As long as environments were a hotchpotch of actual and symbolic artifacts the pros and cons of integration could be balanced. But the generalization of digital flows and transactions has upended the balance: there is no more room or time for latency and enterprises must bring all symbolic representations (business, organization, and systems) under a common conceptual roof:
A canonical approach would be to introduce a conceptual indexing scheme open to extensions but with its footprint defined by business processes and systems functionalities. That would ensure a better integration of processes and supporting engineering but will do nothing for the modeling gap between enterprise architecture and external contexts. That could be achieved with ontologies.
Conceptual Loop: Ontologies & Business Intelligence
As far as data mining is concerned, three kinds of operations are to be considered:
- Data understanding gives form and semantics to raw material.
- Business understanding charts business contexts and concerns in terms of objects and processes descriptions.
- Modeling consolidate data and business understanding into descriptive, predictive, and operational models.
While traditional approaches fall short when tasked with iterative modeling of unstructured data, ontologies may fare better because their explicit aim is only to describe what could exist in a domain of discourse:
- They are made of categories of things, beings, or phenomena; as such they may range from simple catalogs to philosophical doctrines.
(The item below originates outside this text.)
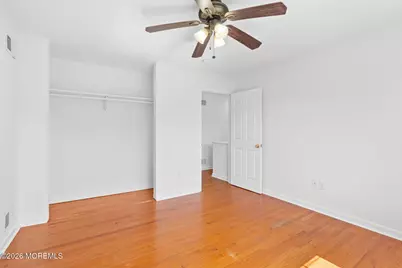 108 Nutmeg Road, Aberdeen Township, NJ 07747 - Photo 19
- They are driven by cognitive (i.e non empirical) purposes, namely the validity and consistency of symbolic representations.
- They are meant to be directed at specific domains of concerns, whatever they can be: politics, religion, business, astrology, etc.
With regard to models, only the second point puts ontologies apart: contrary to models, ontologies are about understanding and are not supposed to be driven by empirical purposes. It ensues that ontologies can be understood as conceptual (aka canonical) models, used as such for business analysis and extended with purposes for systems analysis and design.
In addition to the integration with enterprise architectures, ontologies benefits for business intelligence would be twofold.
On one side, and whatever their use, ontologies could be aligned with the nature of contexts and their impact on business and enterprise governance e.g:
- Institutional: mandatory semantics sanctioned by regulatory authority, steady, changes subject to established procedures.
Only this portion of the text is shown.